I think this election, where due to constituency changes (Dub West is now the most under represented constituency in the country) a strong election campaign is needed to ensure a victory, shows the cracks in the anarchist argument. I would argue with all lefts - anarchists, reformists, LY members, independant socalists etc to make themselves available to distribute material helping the election campaign. But I don't think it is a key pritity, and Im not shocked by this. But i would hope the WSM would not target Joe, Clare or other constituencies where there are genuine working class fighters stanging for election.

Cya,
Cian

author by Mark P - Socialist Party (personal capacity)publication date Thu Nov 16, 2006 17:02author address author phone Report this post to the editors

Well, I just figure that if you are going to go to the bother of disagreeing with someone you should do them the honour of finding out what it is they are actually saying before putting the boot in. I completely disagree with the WSM about the issue of elections, but what you are saying isn't nuts in the way that some of the posters here seem to have presumed (ie that you think Joe Higgins is a sellout or something).

As far as your other points go, I agree with you that there has been a long history of elected representatives selling out. There will at many points be significant pressure on them to do so and it can certainly happen. But I don't think it's inevitable. I've heard many anarchist criticisms of the Bolsheviks for instance (and I hate using them as an example in an unrelated discussion - it's such a left cliche whether you love or loathe them), but it can hardly be argued that having seats in the Duma turned them into a parliamentary reformist group! The same could be said for the Left Social Revolutionaries.

On that other bit of ancient history, the split in the Workers Party, I think that the central issue there wasn't that most of the parliamentarians wanted to jump ship but that the whole Stalinist project had hit the skids with the collapse of the Stalinist regimes. The parliamentary group served as a focus for the turn towards social democracy and then simple liberalism here in Ireland, but pretty much exactly the same thing happened to the Communist Party in Britain, which had no elected representatives at all.

The key thing as far as I am concerned is to be aware that having a parliamentary presence carries dangers as well as benefits. This implies a need to place elected representatives strictly under the democratic control of the party as a whole. Socialist Party elected representatives, amongst other measures, are required to argue in public for the agreed positions of the organisations rather than for their own personal views and to live on the average industrial wage. Are measures like this enough? Well so far they have been, but there's little room for complacency.

author by Cian - SPpublication date Thu Nov 16, 2006 17:02author address author phone Report this post to the editors

I just thought, i just did a project on the Militant (Socialist Party's predecssor)-led Liverpool City Council 1983 to 1987, where having control over thelocal council meant that socialists were able to use t as a tribune for the people and a platform to raise socialist ideas from and organise workers action from.

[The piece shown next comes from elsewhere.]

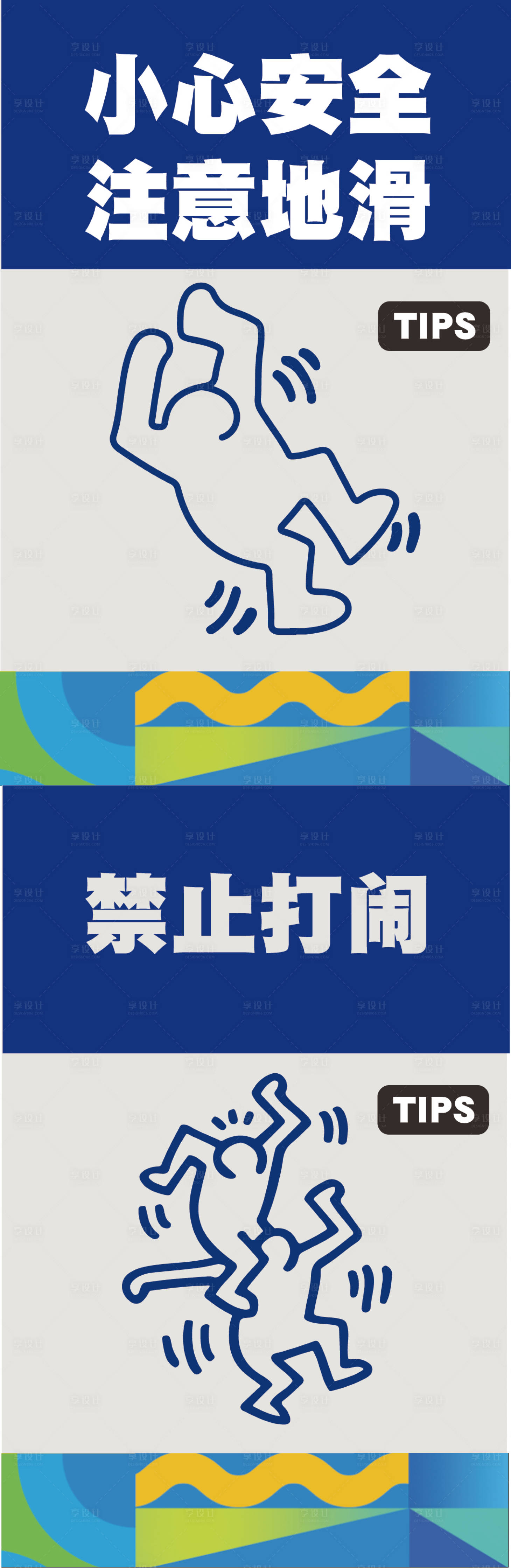 源文件下载【享设计】搜索编号：67000028138499101【温馨提示 提示牌】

They were able to provide real gains for the workers of liverpool, building thousands of houses, implementing a 35 hour week without loss of pay for council workers proviing 10 to 20 thousand jobs etc etc. Crucially the council also asisted strikers and lead to a heightening of the campaign against thatcher and a raising of class struggle ideas. The SP didnt sell out then, its about a strength of ideas and a clarity of perspectives. CNT, an anarchist group, sold out and due to weak ideas and unclear perspectives - they are the key things. (Im not blaming WSM for this, just pointing out that these are the 2 key things).

see: www. Liverpool47.org

www.SocialistParty.org.uk/Liverpool

Cya,
Cian

author by Joepublication date Thu Nov 16, 2006 17:30author address author phone Report this post to the editors

Cian most of our distribution in Dublin is done in Dublin 7 and Dublin 8 where many of our members live. We are unlikely to head out to Dublin West or North just to wind people up.

Your comparison of the Spanish revolution (I think this is what CNT sellout means?) with Liverpool is very overblown - Liverpool may have been very significant in SP history but it really wasn't in the same ball game. And the role of Militant in Liverpool is still had to really evaluate, I have certainly read some interesting critiques of it but that is another thread. And if you are going to see yourself as the legimtate inheritors of Lenin well then you have to expect to be critiqued for this.

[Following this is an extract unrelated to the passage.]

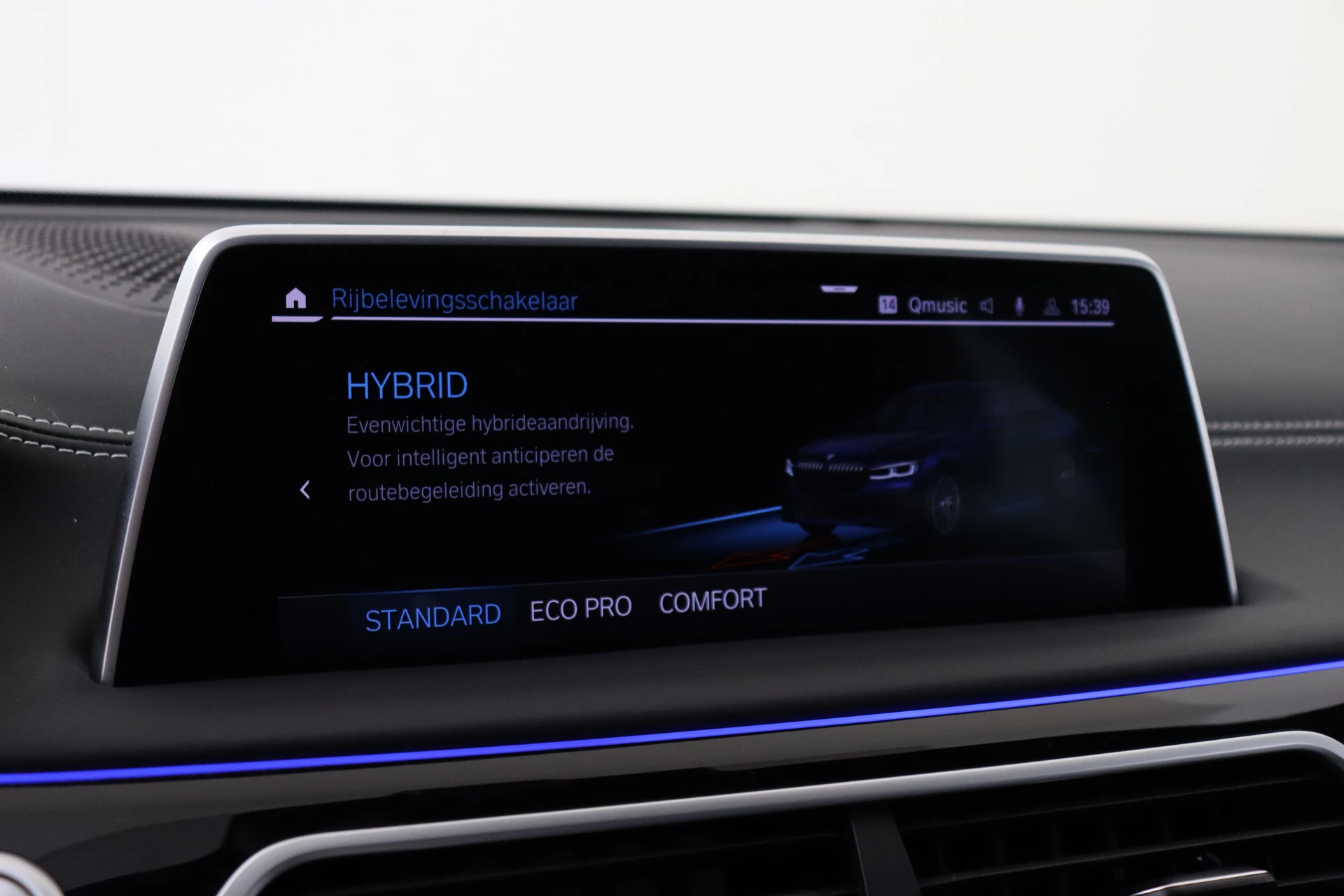 Hoofdafbeelding BMW 7 Serie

Mark I don't think what happened in the WP is simply down to the collapse of stalinism. Once they hit electoral success they found the checks and balances within the party were overcome by the elected TD's simply creating a new organisation (Democratic Left) that had a tiny minority of members but 6 of the 7 TD's. This could happen in any organisation were a difference between elected figures and the rest of the party arise and I would contend the nature of the electoral system makes such differences inevitable in the longer term.

It is not impossible to see a situation where ten years down the road the SP have 5 TD's, a sharp difference arises with the TD's in the minority and 4 of the 5 depart. Indeed if your one TD had been Joan Collins rather than Joe Higgins this could have already happened. The problem is success in electoral politics requires the sort of star system that leads to the party being identified as the TD's. AFAIK a lot of the GAMA work was done by other party members including those seeking election but despite this GAMA has become Joes thing. (not denying the role he played, just pointing out the consequences of the star system in crediting him alone). If Joe had some unlikley 'road to Damascus' conversion tomorrow then the internal party checks on him would be meaningless and much of the gain of the last few years for the SP would be lost overnight.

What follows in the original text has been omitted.